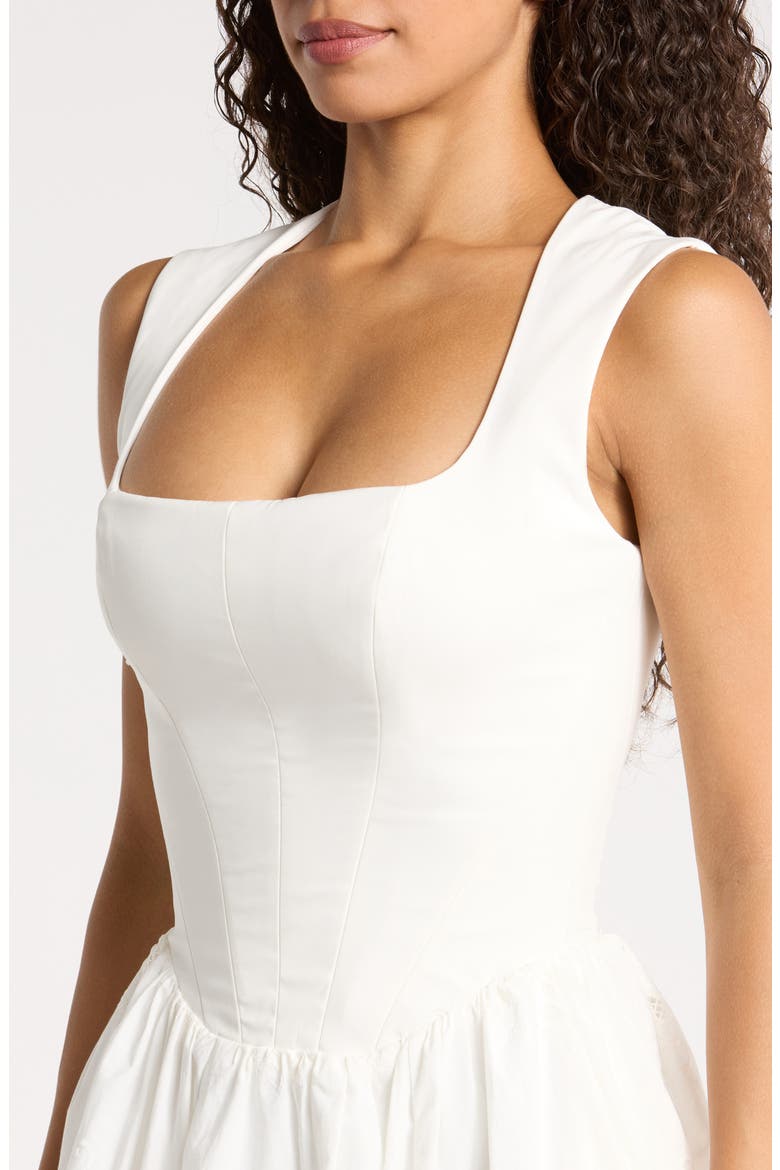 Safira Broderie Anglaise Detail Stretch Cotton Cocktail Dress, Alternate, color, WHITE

▬▬▬▬▬▬

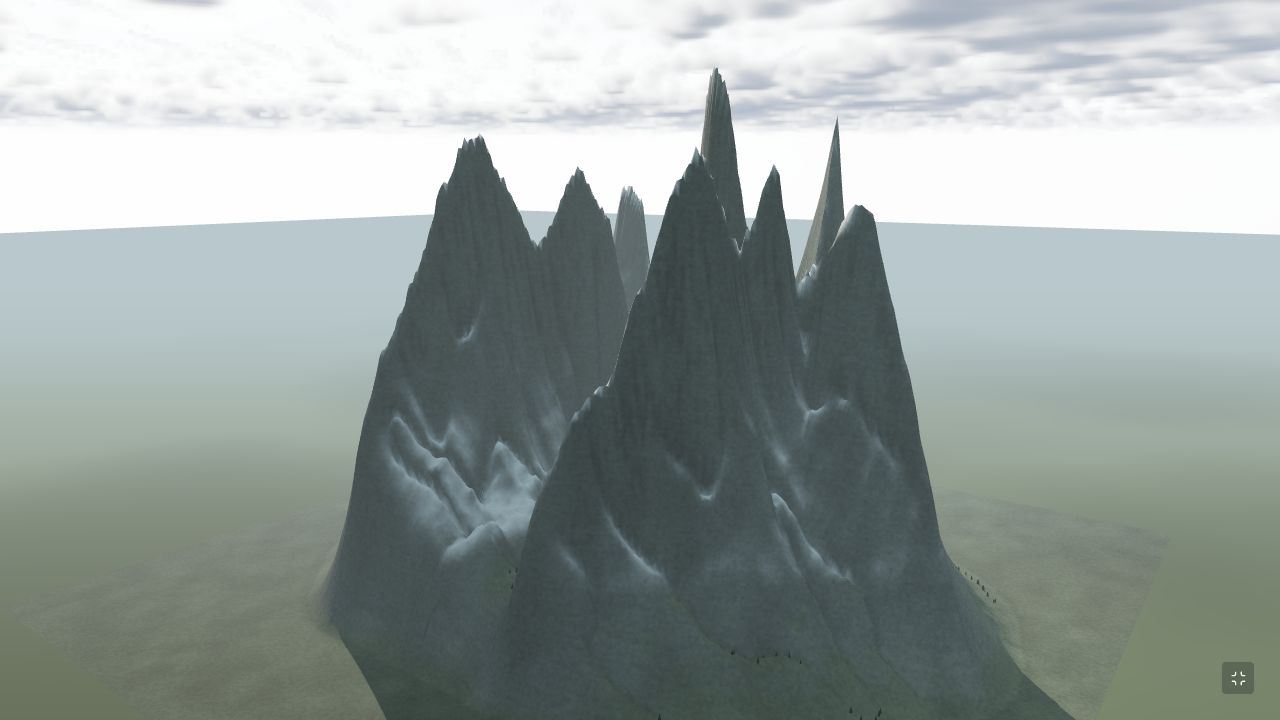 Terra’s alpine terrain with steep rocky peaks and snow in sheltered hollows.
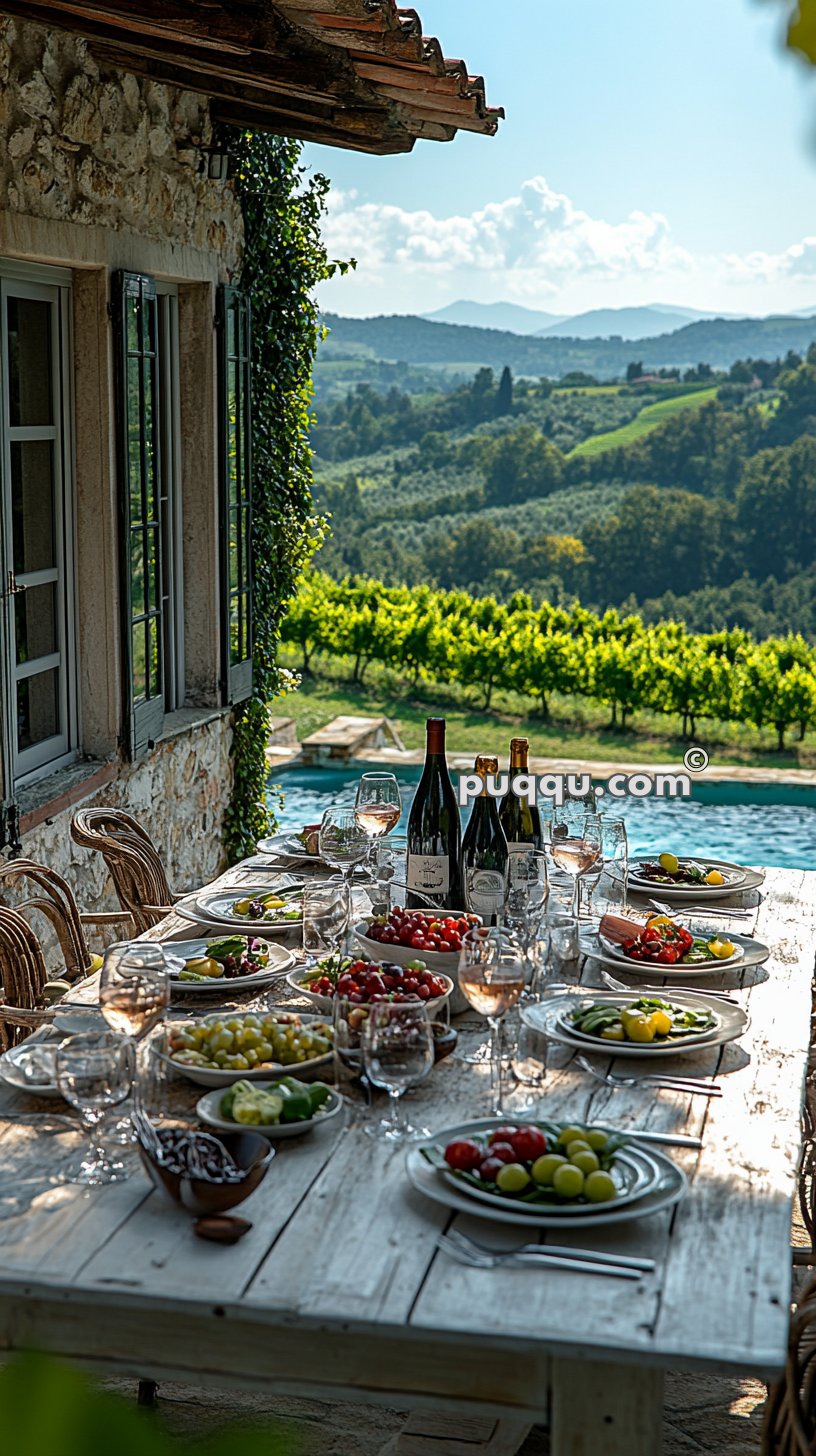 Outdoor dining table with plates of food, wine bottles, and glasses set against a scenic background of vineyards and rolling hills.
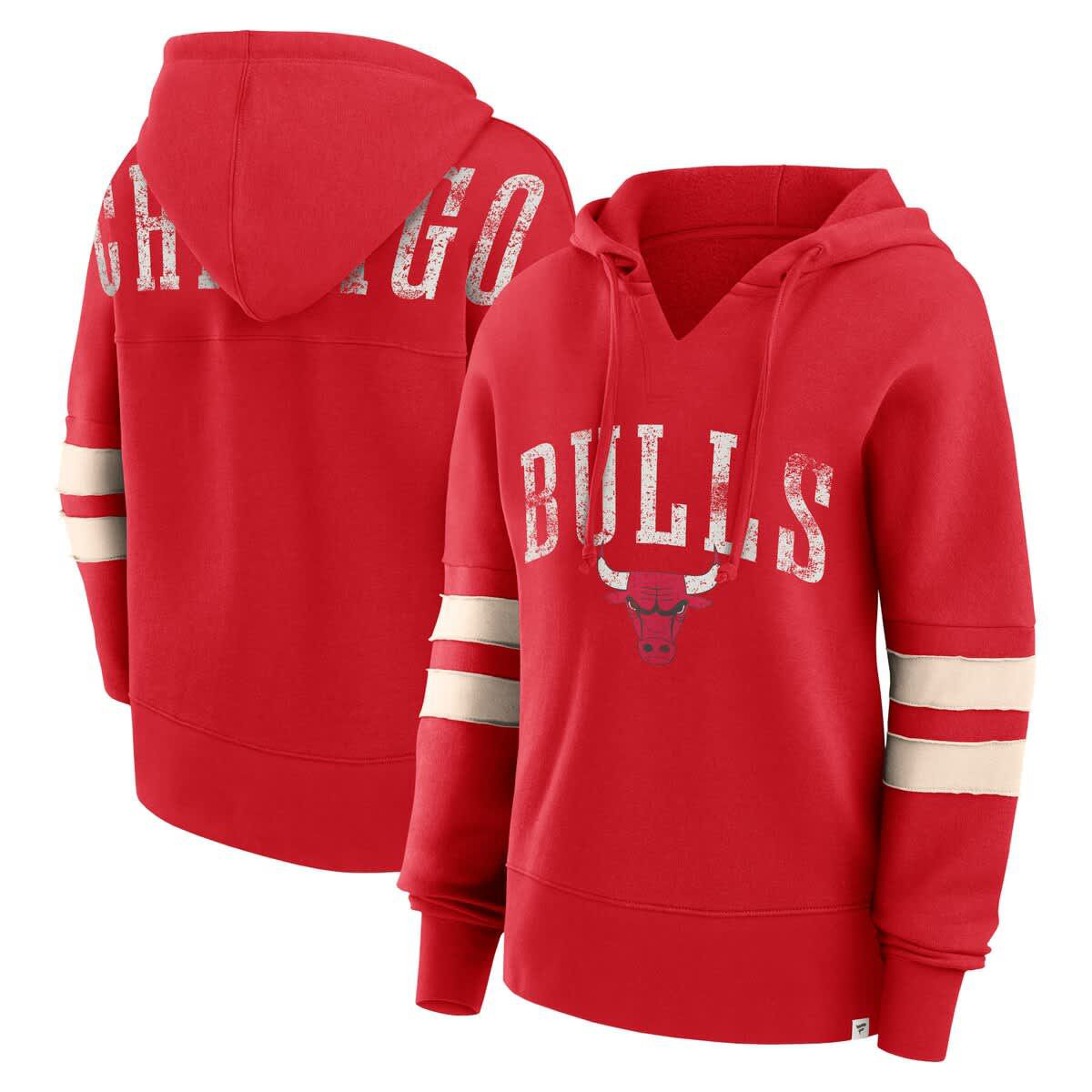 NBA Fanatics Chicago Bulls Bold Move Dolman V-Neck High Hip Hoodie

▬▬▬▬▬▬

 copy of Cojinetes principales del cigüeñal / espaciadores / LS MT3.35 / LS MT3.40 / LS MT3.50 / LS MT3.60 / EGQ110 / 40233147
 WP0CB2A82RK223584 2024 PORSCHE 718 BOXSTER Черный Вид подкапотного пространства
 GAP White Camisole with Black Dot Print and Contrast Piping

▬▬▬▬▬▬

▶ **Problem to solve**: Take the material above from the line bearing "Outdoor dining table" through the line bearing "NBA Fanatics Chicago" and write it out exactly, both end lines included. Pictures stay out.

▶ **Solution below**:
 Outdoor dining table with plates of food, wine bottles, and glasses set against a scenic background of vineyards and rolling hills.
 NBA Fanatics Chicago Bulls Bold Move Dolman V-Neck High Hip Hoodie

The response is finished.